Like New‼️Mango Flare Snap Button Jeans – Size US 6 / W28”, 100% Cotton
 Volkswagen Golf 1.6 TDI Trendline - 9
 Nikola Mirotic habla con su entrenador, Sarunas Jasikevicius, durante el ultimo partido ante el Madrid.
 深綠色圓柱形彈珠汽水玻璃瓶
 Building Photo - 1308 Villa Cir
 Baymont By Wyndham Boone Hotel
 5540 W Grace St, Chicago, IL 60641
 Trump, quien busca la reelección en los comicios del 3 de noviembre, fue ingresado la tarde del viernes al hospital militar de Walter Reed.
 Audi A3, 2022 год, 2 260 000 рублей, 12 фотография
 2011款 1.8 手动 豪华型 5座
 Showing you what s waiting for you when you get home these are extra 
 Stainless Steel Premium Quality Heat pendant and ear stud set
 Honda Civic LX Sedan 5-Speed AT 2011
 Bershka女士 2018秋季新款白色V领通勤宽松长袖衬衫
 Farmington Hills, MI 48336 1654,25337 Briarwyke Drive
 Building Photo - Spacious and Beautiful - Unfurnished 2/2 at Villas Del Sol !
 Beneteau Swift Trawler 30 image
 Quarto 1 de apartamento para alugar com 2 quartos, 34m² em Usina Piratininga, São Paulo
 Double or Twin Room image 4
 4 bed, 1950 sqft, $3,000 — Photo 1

#### [WHAT YOU HAVE TO DO]
The output is every entry, printed exactly as it reads.

#### [SOLUTION TO THIS EXERCISE]
Like New‼️Mango Flare Snap Button Jeans – Size US 6 / W28”, 100% Cotton
 Volkswagen Golf 1.6 TDI Trendline - 9
 Nikola Mirotic habla con su entrenador, Sarunas Jasikevicius, durante el ultimo partido ante el Madrid.
 深綠色圓柱形彈珠汽水玻璃瓶
 Building Photo - 1308 Villa Cir
 Baymont By Wyndham Boone Hotel
 5540 W Grace St, Chicago, IL 60641
 Trump, quien busca la reelección en los comicios del 3 de noviembre, fue ingresado la tarde del viernes al hospital militar de Walter Reed.
 Audi A3, 2022 год, 2 260 000 рублей, 12 фотография
 2011款 1.8 手动 豪华型 5座
 Showing you what s waiting for you when you get home these are extra 
 Stainless Steel Premium Quality Heat pendant and ear stud set
 Honda Civic LX Sedan 5-Speed AT 2011
 Bershka女士 2018秋季新款白色V领通勤宽松长袖衬衫
 Farmington Hills, MI 48336 1654,25337 Briarwyke Drive
 Building Photo - Spacious and Beautiful - Unfurnished 2/2 at Villas Del Sol !
 Beneteau Swift Trawler 30 image
 Quarto 1 de apartamento para alugar com 2 quartos, 34m² em Usina Piratininga, São Paulo
 Double or Twin Room image 4
 4 bed, 1950 sqft, $3,000 — Photo 1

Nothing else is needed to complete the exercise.